Also, in some example implementations the input may be first input and the method may include receiving second input from a second camera indicated in the semantic map. The second camera may be different from the first camera. Here the method may also include using location data for the second camera as indicated in the semantic map and using the second input to generate the 3D model of the at least one object via the NeRF neural network.

In various example implementations, the input from the first camera may include at least one two-dimensional (2D) image from the first camera.

Also in various example implementations, the method may include determining that no people are present within a real-world space in which the at least one object is located. Based on the determination, the method may include using the location data for the first camera as indicated in the semantic map, the input, and the NeRF neural network to generate the 3D model of the at least one object.
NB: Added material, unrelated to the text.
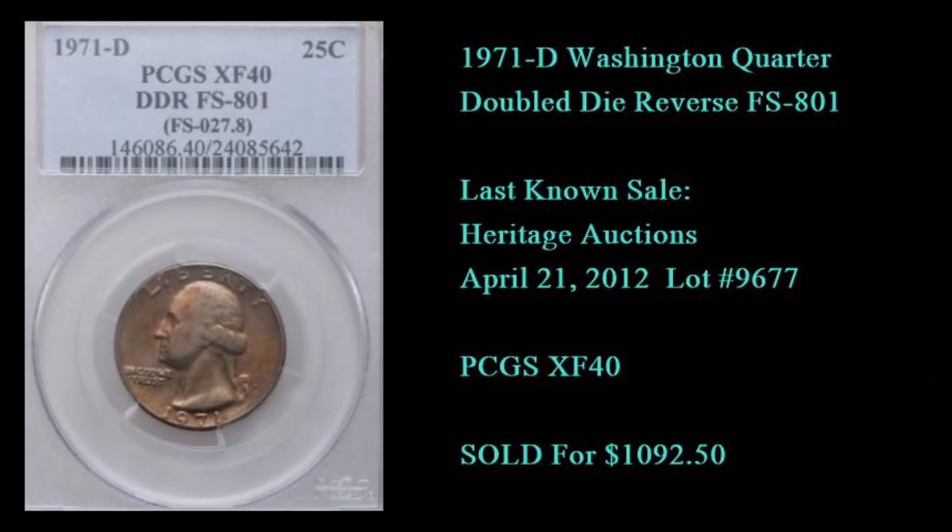Take a look at the informational sheet I have posted on this video — this is the last reported known sale of this coin, and that's how tough it is. The last one ever sold was in 2012 through Heritage Auctions for one thousand and ninety-two dollars and fifty cents. It's a rather pedestrian grade at XF40 by PCGS, but that's where the variety comes into play.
In another aspect, at least one computer readable storage medium (CRSM) that is not a transitory signal includes instructions executable by a processor assembly to access a semantic map and to receive input from at least a first camera indicated in the semantic map. The instructions are also executable to use location data for the first camera as indicated in the semantic map, the input, and a neural radiance field (NeRF) neural network to generate a three-dimensional (3D) model of at least one object indicated in the semantic map.

In certain example implementations, the instructions may be executable to use location data for the at least one object as indicated in the semantic map to generate the 3D model of the at least one object. The instructions might even be executable to determine an angle from the first camera to the object based on the location data for the first camera and the location data for the object, and to use the angle as input to the NeRF neural network to generate the 3D model.

If desired, in some example embodiments the input may be first input and the instructions may be executable to receive second input from a second camera indicated in the semantic map, where the second camera may be different from the first camera. The instructions may also be executable to use location data for the second camera as indicated in the semantic map and to use the second input to generate the 3D model of the at least one object via the NeRF neural network.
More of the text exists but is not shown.